We’ll know soon enough whether Zhou is being reckless. Many commentators have argued the PBOC should initiate quantitative easing. After all, China’s overcapacity and debt levels - the country’s local governments alone owe more than Germany’s annual gross domestic product - caution against a new round of fiscal stimulus.

If the data on China’s economic fundamentals and Shanghai stocks cascade lower in the months ahead, Zhou might have some explaining to do. But, for now, his show of independence is a silver lining amid the ongoing turmoil.

Zhou is an economic modernizer without peer in today’s Beijing, a disciple of former premier Zhu Rongji, China’s most important reformer since the pioneering Communist Party chairman Deng Xiaoping. Zhou’s top goal has been to get the yuan added to the International Monetary Fund’s special drawing rights program. But unlike other Chinese policy makers, who want to leverage that status to increase the country’s global clout, he wants to use it to spur further economic reforms. He knows that once the yuan is recognized as a reserve currency, Beijing will have no choice but to adhere to global economic norms.

While no one outside a tiny circle in Beijing knows for sure, I’d bet Zhou is primarily responsible for the Aug. 11 devaluation that sent shockwaves across the globe. But Zhou has been holding his fire since then, even as PBOC staffers, including research head Lu Lei, call for greater policy coordination with government officials. The PBOC has offered only a modest 25 basis point cut in the one-year lending rate to 4.6 percent.

Part of the reason may be that Zhou wants to avoid appearing panicky. But as deflation pressures mount, he also wants to ensure that all hands from the Chinese central government are on deck. Rather than exacerbate China’s property and asset bubbles, Zhou is aiming to reassure markets that Beijing is working to rebalance the economy in the longer run. “The PBOC would seem to agree, taking a leaf out of the European Central Bank playbook by putting pressure on the government to match its monetary easing with fiscal measures,” says Simon Grose-Hodge, head of investment advisory for LGT Group.

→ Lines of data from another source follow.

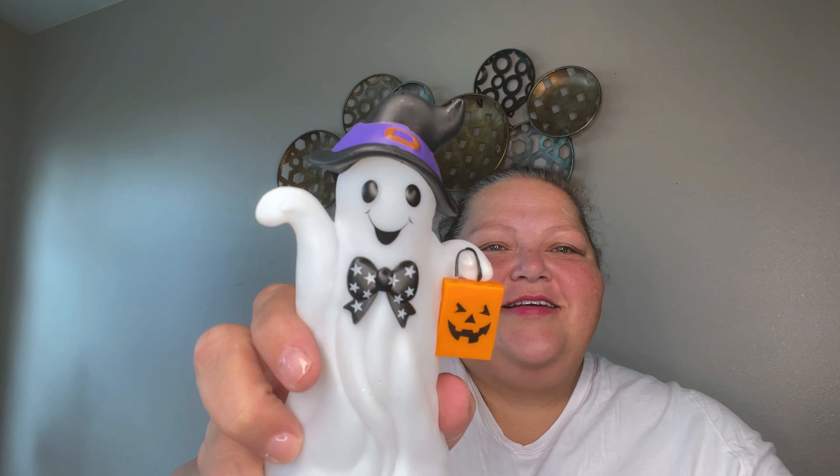This little guy — isn't it cute? You have to turn him on and then... isn't that cute! I love it. He's just got such a happy face.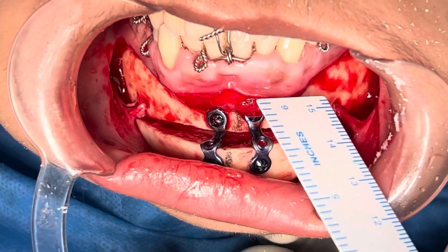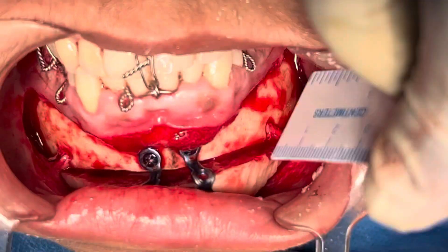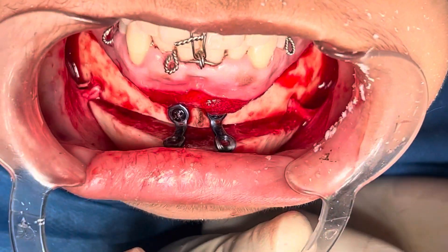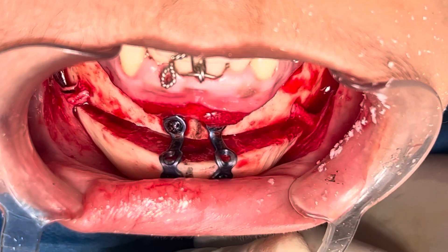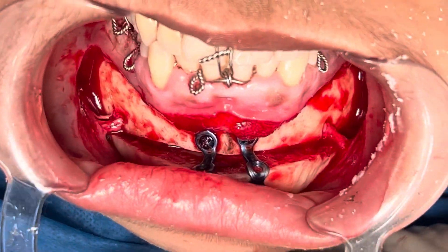We've fixed the genioplasty segment here. We've advanced it by 10mm. This is a classical sliding advancement genioplasty — only horizontal augmentation, no vertical augmentation whatsoever. That's what was needed for the patient to get better proportions.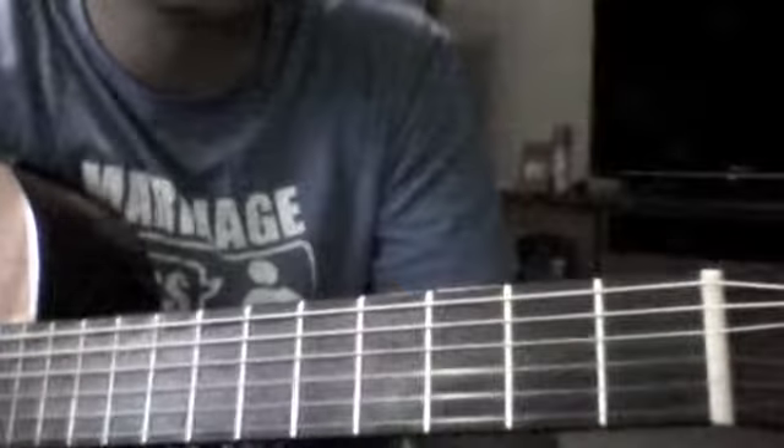Hi, this is a lesson — a guitar lesson — just doing the first section of the song 'Waiting on the World to Change' by John Mayer.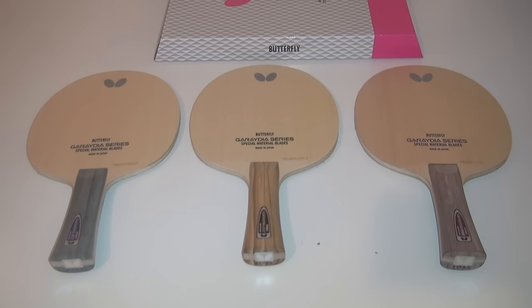What's going on guys, it's Dan here from Table Tennis Daily. Today we're going to be looking at and reviewing a new top-of-the-line range of blades by Butterfly, the Gradia series.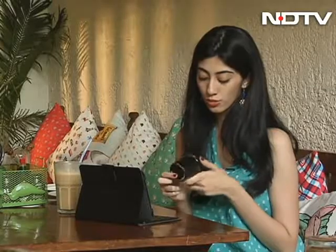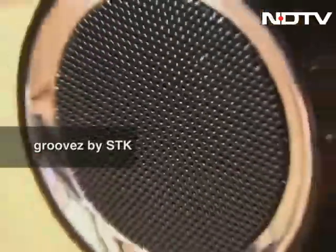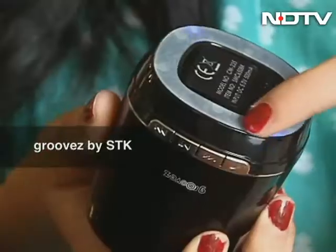This is entertainment. This is Groove's Bluetooth speaker. It's really cute and actually it looks really nice and sleek. It comes with an anti-slip bass.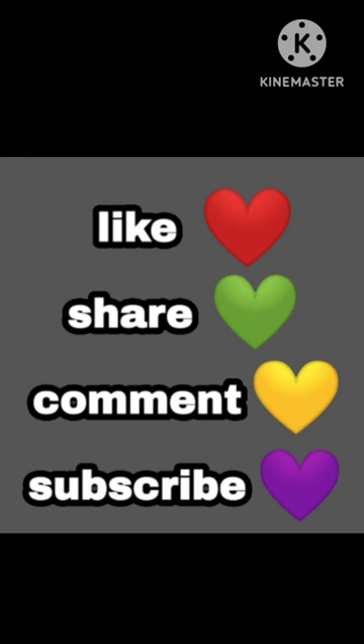Make sure to hit the like button, share with your friends, comment your own opinions about the figure, and subscribe if you're new.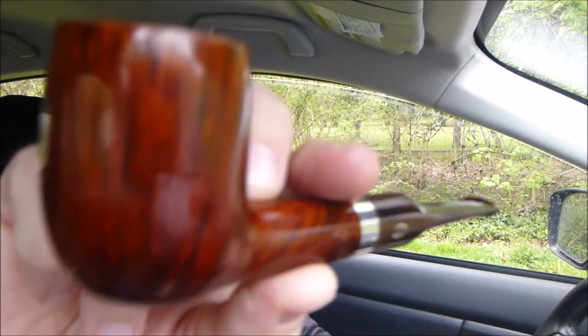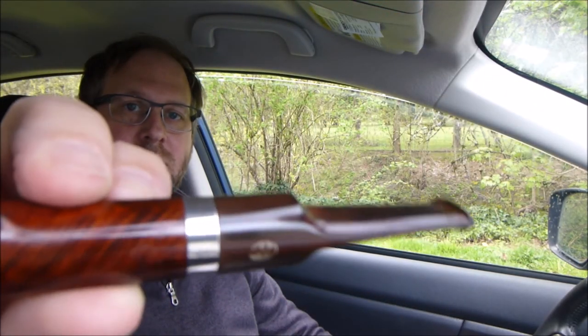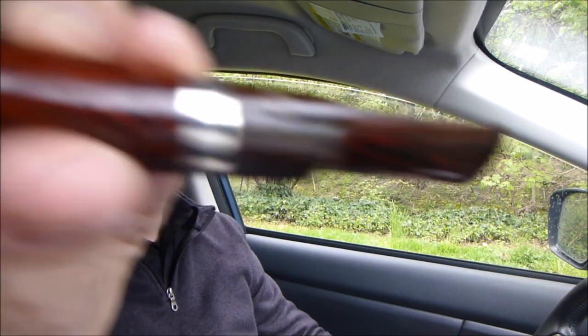Anyways, thank you Mark for the sample and the other samples — really appreciate it. Since this was a John Asbury blend, I thought I'd break out my pipe made by John Asbury. It has a nice grain, it's not a large pipe but it works well in the car. It has a nice band and a Cumberland stem — so that's a nice pipe.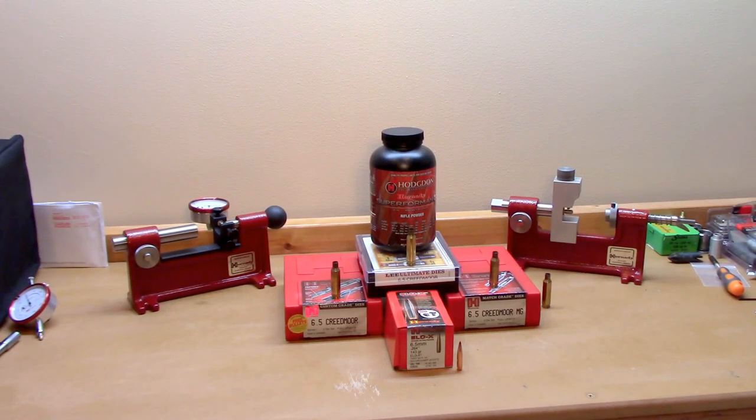Welcome back everyone to my reloading bench. If you guys are interested to see how the ammunition loaded in the three different die sets I showed you earlier — the Hornady Custom, Match, and Elite Ultimate — performs in my Ruger Precision Rifle chambered in 6.5 Creedmoor, stick around.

Some fear a bad outcome is inevitable. “The risk that our downside scenario materializes - that China’s economy will suffer a hard landing - appears to have increased appreciably and is now close to being our baseline assumption,” says Clare Howarth of Oxford Economics. “This would mean average GDP growth closer to 4 percent over the next five years rather than our baseline forecast of 5.8 percent.” (China’s target is 7 percent.)

If so, Zhou’s go-slow approach will be remembered harshly. But in the meantime, he seems content to take his inspiration from monetary policy makers who avoided pressure to cut rates and spoke truth to power. Zhou is channeling not just his mentor Zhu, but also the West’s most heralded monetary mavericks. Those include European Central Bank chief Mario Draghi and Paul Volcker, whose fierce independence during his stint running the Federal Reserve from 1979 to 1987 is among the proudest chapters of modern central banking.

Xi is facing pressure from the country’s economic elites to put off further reforms, and Zhou is among the few people in China who has the gravitas to play the role of honest broker. It’s comforting to see that he feels up to the challenge.

*The author is a Bloomberg View columnist based in Tokyo and writes on economics, markets and politics throughout the Asia-Pacific region.